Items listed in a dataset
--- START ---

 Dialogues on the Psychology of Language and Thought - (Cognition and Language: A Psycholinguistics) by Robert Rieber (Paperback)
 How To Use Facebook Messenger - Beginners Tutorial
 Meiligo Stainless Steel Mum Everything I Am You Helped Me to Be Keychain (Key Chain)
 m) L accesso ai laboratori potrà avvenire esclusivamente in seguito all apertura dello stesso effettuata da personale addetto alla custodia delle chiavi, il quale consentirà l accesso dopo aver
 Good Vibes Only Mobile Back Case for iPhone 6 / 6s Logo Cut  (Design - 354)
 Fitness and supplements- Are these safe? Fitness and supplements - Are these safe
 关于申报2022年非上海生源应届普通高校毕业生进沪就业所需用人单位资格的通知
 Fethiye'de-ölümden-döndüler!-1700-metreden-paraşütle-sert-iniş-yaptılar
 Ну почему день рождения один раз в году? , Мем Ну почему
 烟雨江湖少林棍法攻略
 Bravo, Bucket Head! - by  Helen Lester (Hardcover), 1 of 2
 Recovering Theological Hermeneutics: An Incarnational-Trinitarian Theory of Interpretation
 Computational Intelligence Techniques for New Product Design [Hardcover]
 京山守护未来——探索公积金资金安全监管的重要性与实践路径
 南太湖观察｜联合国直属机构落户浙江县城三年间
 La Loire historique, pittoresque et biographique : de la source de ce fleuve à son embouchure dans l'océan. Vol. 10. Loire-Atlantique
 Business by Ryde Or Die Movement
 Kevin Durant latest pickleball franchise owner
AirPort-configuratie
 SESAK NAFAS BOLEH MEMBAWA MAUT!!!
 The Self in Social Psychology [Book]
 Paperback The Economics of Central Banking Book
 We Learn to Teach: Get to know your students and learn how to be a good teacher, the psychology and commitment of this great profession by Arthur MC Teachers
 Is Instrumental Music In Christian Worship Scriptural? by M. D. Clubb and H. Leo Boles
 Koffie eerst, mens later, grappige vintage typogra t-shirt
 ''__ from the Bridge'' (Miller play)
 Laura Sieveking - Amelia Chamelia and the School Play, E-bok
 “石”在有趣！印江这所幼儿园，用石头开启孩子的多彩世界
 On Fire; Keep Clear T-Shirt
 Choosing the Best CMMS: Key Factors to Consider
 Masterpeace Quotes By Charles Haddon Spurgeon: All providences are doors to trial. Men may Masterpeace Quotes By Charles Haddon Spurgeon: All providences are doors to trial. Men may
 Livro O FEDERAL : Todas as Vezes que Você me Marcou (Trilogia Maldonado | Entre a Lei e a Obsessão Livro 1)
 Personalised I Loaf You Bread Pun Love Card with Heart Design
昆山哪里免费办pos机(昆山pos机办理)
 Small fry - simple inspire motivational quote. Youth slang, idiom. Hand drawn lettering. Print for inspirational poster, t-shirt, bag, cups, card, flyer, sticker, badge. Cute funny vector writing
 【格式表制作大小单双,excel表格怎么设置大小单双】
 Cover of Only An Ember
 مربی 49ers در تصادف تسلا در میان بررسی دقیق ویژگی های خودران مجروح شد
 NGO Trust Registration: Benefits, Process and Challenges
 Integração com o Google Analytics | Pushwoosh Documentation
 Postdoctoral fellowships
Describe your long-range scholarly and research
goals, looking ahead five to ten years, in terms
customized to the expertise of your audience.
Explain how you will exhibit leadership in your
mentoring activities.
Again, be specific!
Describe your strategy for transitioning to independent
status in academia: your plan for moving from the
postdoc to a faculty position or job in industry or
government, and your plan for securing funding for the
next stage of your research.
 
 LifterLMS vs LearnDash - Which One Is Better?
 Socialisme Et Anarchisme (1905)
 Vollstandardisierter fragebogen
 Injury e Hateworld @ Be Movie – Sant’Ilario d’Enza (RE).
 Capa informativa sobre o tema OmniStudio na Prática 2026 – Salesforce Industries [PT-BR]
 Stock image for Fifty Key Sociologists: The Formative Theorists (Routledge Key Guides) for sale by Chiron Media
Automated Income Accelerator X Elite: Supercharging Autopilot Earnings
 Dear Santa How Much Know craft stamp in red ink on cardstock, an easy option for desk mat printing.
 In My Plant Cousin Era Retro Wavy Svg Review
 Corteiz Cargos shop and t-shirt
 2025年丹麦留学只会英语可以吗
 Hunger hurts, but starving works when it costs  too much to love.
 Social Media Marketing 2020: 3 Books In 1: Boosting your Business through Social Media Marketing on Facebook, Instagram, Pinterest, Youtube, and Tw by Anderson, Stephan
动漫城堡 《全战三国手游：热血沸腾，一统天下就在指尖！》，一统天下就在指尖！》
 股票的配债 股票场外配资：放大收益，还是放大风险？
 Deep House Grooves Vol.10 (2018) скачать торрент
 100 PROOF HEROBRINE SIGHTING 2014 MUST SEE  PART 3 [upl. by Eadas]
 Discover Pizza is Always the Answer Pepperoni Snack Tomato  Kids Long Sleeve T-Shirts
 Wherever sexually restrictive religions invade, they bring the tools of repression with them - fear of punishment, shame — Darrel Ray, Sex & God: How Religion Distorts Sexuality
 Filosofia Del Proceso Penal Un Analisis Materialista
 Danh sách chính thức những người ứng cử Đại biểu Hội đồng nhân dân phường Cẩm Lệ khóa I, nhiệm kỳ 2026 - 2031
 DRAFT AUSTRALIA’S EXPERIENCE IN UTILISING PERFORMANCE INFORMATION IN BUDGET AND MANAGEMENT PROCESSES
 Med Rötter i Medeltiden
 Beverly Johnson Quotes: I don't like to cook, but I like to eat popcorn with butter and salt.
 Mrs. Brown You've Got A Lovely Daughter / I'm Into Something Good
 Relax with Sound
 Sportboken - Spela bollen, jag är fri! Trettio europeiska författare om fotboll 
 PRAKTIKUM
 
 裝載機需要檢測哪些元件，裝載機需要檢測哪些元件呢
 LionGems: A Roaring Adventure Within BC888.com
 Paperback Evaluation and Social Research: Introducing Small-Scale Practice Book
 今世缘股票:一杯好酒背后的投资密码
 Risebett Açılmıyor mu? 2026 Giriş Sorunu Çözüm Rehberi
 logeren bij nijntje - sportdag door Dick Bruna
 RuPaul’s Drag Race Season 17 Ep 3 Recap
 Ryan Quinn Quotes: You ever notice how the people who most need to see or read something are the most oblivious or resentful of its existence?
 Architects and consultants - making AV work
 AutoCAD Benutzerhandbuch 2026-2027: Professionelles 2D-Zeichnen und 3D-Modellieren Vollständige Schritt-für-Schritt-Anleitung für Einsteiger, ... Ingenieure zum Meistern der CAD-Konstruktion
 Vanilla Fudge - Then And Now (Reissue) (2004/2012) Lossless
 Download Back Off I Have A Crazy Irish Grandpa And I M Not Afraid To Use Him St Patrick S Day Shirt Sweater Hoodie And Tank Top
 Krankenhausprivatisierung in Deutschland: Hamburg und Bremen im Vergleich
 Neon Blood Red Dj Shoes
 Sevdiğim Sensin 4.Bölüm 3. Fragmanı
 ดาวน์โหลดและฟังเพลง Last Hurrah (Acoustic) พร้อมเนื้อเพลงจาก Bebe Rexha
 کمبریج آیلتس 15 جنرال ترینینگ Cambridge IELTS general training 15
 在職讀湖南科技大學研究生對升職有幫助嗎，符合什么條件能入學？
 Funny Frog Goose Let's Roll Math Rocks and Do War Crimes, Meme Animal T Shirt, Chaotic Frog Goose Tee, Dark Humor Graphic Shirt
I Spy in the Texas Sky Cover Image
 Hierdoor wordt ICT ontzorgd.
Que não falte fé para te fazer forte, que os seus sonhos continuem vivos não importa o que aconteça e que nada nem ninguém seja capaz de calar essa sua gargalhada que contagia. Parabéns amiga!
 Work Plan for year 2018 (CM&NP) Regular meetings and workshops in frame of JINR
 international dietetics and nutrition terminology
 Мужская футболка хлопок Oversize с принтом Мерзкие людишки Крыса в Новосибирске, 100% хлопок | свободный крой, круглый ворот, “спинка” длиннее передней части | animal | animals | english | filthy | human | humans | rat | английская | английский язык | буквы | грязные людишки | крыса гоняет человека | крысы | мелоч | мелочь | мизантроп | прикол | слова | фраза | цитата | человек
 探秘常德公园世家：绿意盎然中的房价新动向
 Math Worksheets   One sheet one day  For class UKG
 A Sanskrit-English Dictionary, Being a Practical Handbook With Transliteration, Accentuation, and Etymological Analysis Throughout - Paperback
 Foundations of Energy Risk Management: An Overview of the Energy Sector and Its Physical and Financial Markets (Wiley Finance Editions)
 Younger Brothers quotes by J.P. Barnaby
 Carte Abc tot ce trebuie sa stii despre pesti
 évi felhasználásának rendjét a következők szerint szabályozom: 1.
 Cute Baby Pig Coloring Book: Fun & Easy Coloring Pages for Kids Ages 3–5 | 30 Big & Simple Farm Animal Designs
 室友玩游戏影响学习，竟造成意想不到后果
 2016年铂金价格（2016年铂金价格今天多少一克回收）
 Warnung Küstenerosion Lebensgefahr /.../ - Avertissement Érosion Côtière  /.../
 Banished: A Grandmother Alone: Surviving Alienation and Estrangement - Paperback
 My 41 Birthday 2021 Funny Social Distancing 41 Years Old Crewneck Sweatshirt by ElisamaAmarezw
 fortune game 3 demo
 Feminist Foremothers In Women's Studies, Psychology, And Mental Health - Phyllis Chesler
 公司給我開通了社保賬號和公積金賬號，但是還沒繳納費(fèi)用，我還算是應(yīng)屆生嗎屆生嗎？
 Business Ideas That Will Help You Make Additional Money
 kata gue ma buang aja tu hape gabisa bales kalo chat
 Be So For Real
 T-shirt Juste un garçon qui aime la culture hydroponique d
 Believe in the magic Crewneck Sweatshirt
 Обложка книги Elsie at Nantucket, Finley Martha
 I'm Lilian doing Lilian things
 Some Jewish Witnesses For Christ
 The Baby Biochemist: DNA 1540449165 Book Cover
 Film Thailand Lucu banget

--- END ---

WHAT THE TASK REQUIRES: Each line of the entries above that contains "Hardcover" must be copied into the answer.

REPLY TO THE TASK:
 Bravo, Bucket Head! - by  Helen Lester (Hardcover), 1 of 2
 Computational Intelligence Techniques for New Product Design [Hardcover]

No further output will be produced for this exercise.